Fig. 3. Combined reactive and mass vaccination for managing sustained COVID-19 spread.

a Relative reduction (RR) in the attack rate (AR) over the first 2 months for the combined strategy (mass and reactive) and the mass strategy with the same number of first-dose vaccinations as in the combined strategy during the period. RR is computed with respect to the reference scenario with initial vaccination only, as in Fig. 2. Combined strategy is obtained by running in parallel the mass strategy—from 50 to 250 daily vaccination rate per 100,000 inhabitants—and the reactive strategy. Number of doses displayed in the x-axis of the figure is the total number of doses used by the combined strategy, daily. Corresponding incidence curves are reported in Supplementary Fig. 8. b Number of first-dose vaccinations deployed each day for the combined strategy with different daily vaccines’ capacity limits. c, d, e AR RR for the combined strategy as a function of the average daily number of first-dose vaccinations in the 2-months period. Symbols of different colours indicate: c different values of daily vaccines’ capacity limit; d different time from case detection to vaccine deployment; e different threshold size for the cluster to trigger vaccination. In panel c and e the curve corresponding to mass vaccination only is also plotted for comparison. f Comparison between 100% and baseline vaccination uptake in case of reactive vaccination. Exception for the parameters indicated in the legend we assume in all panels baseline parameter values with intermediate vaccination coverage at the beginning—i.e. R = 1.6; VE_S,1 = 48%, VE_SP,1 = 53%, VE_S,2 = 70%, VE_SP,2 = 73%; initial immunity 32%; initial incidence 160 clinical cases weekly per 100,000 inhabitants; vaccinated at the beginning 90% and 40% for 60+ and <60, respectively. In panels a, c, d–f data are means over 2000 independent stochastic realisations and error bars are derived from the standard error of the mean. In panel b continuous lines are means over 2000 independent stochastic realisations and the shaded areas are the standard error of the mean (±2SEM)—only the standard error of the unlimited case is shown for clarity. The following abbreviations were used in the Fig.: vacc. for vaccines, inhab. for inhabitants, reac. for reactive.

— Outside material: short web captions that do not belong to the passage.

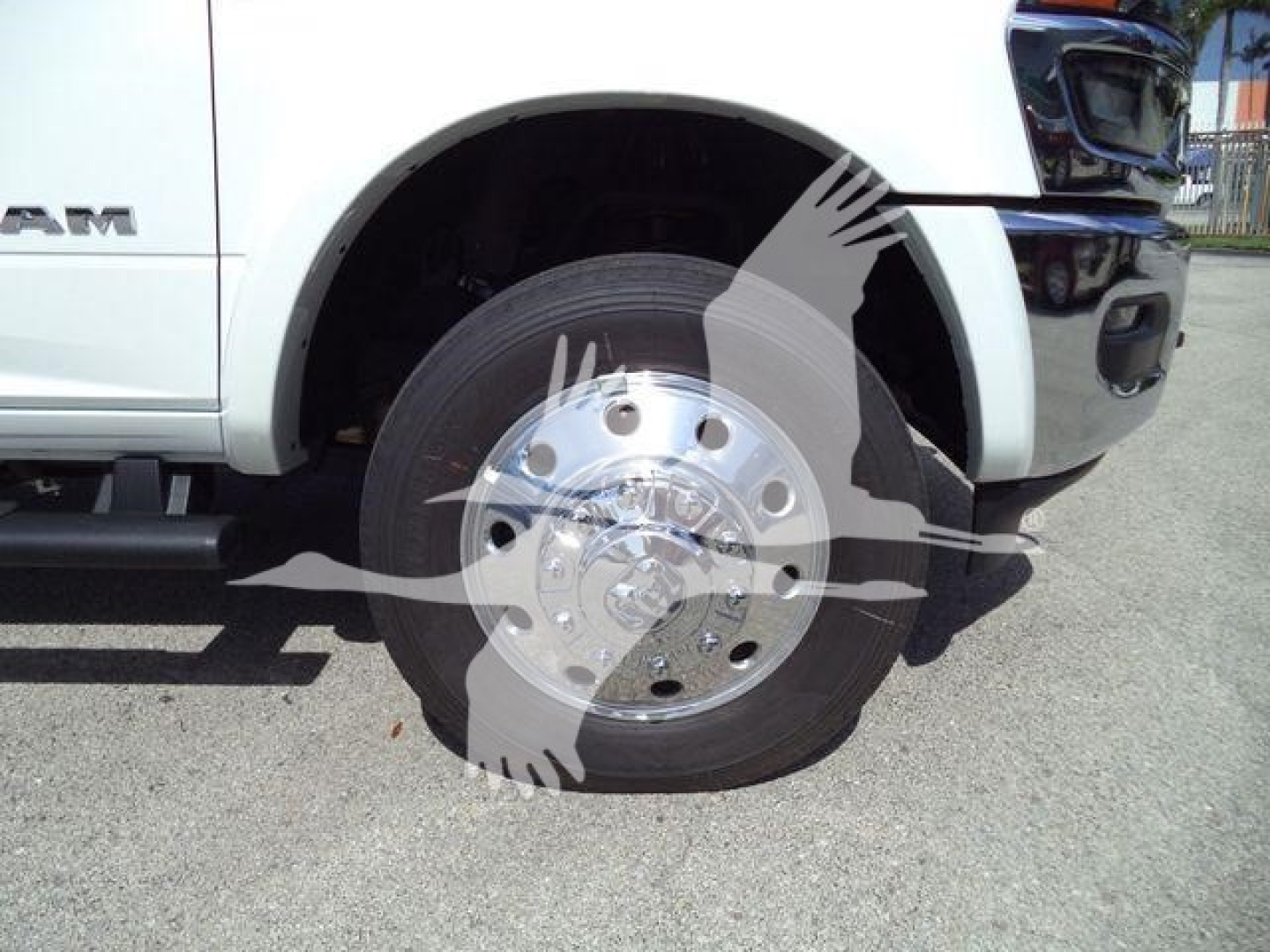Ram 4500 wheel and front fender shown with chrome hub, wheel well, and vehicle body details.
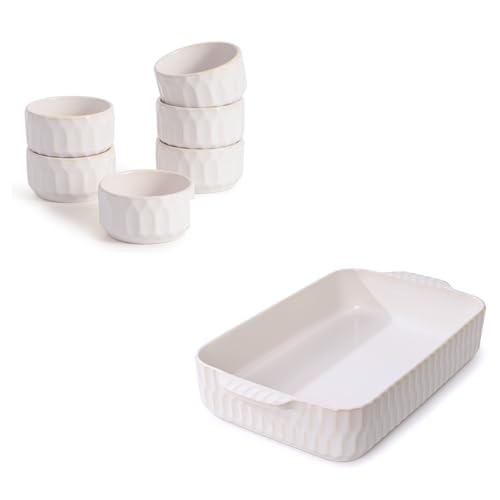 Large Ceramic Casserole Dish Set of 6 with Ramekins for Oven Cooking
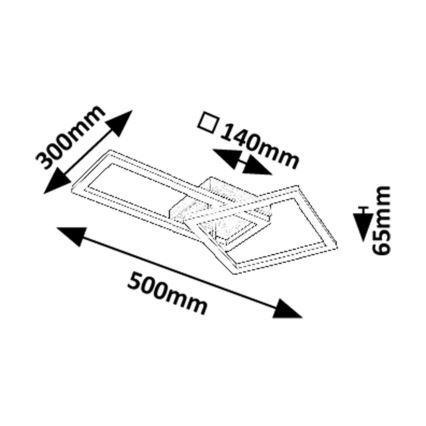 Rabalux - LED φωτιστικό οροφής LED/24W/230V 3000K 30x50 cm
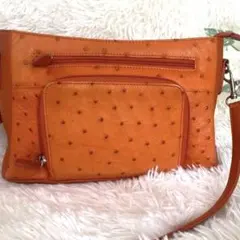 希少色 オーストリッチ 本革 オレンジ ショルダーバッグ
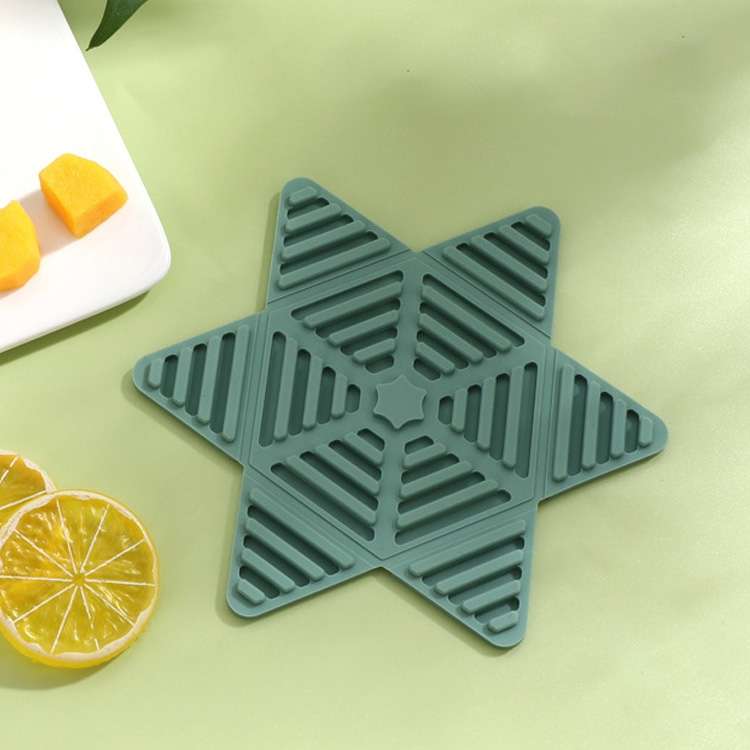 Folding Pot Cushion Silicon Tea Cup Insulation Pad House Table Non-slip Place Mats(Green)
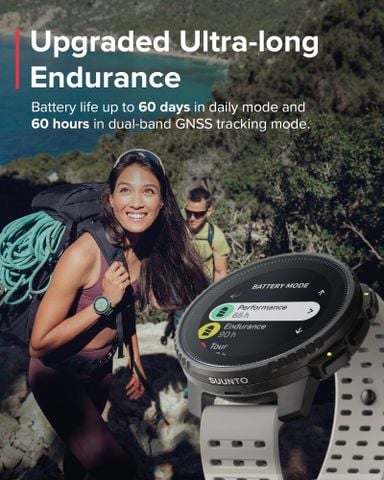  Đồng Hồ GPS Suunto Vertical Viền Thép Đen 49mm, Dây Silicone - Black Sand 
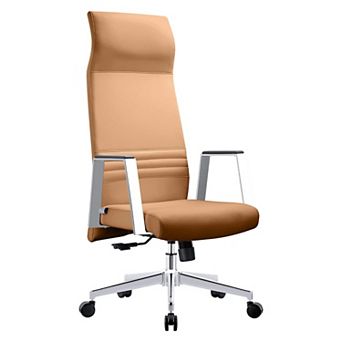 Leisuremod Aleen High-back Office Chair In Upholstered Leather And Iron Frame With Swivel And Tilt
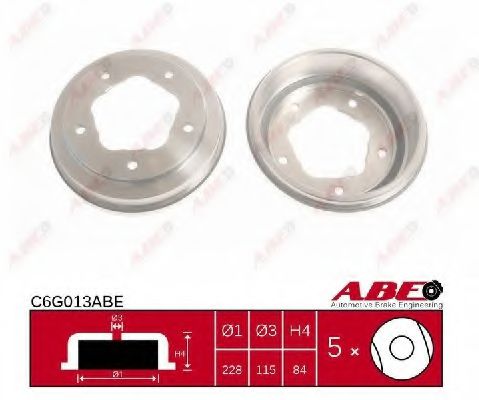Тормозной барабан ABE C6G013ABE Тормозной барабан ABE C6G013ABE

Fig. 4. Combined reactive and mass vaccination for managing a COVID-19 flare-up.

a, b Attack rate (AR) per 100,000 inhabitants in the first 2 months for the enhanced (a) and baseline (b) TTI scenarios described in the main text. Four vaccination strategies are compared: mass only, combined where the reactive vaccination starts at the detection of 1, 5, 10 cases (Comb. cl. s. = 1, 5, 10 in the Fig.). For mass vaccination the number of first-dose vaccinations during the period is the same as in the comb. cl. s = 1 of the same scenario. Except when otherwise indicated parameters are the ones of the baseline epidemic scenario with intermediate vaccination coverage at the beginning—i.e. R = 1.6; VE_S,1 = 48%, VE_SP,1 = 53%, VE_S,2 = 70%, VE_SP,2 = 73%; initial immunity 32%; vaccinated at the beginning 90% and 40% for 60+ and <60, respectively. In both panels, data are means over 8000 independent stochastic realisations and error bars are the standard error of the mean (±2SEM). Corresponding incidence curves are reported in Supplementary Fig. 9. The following abbreviations were used in the Fig.: vacc. for vaccines, inhab. for inhabitants.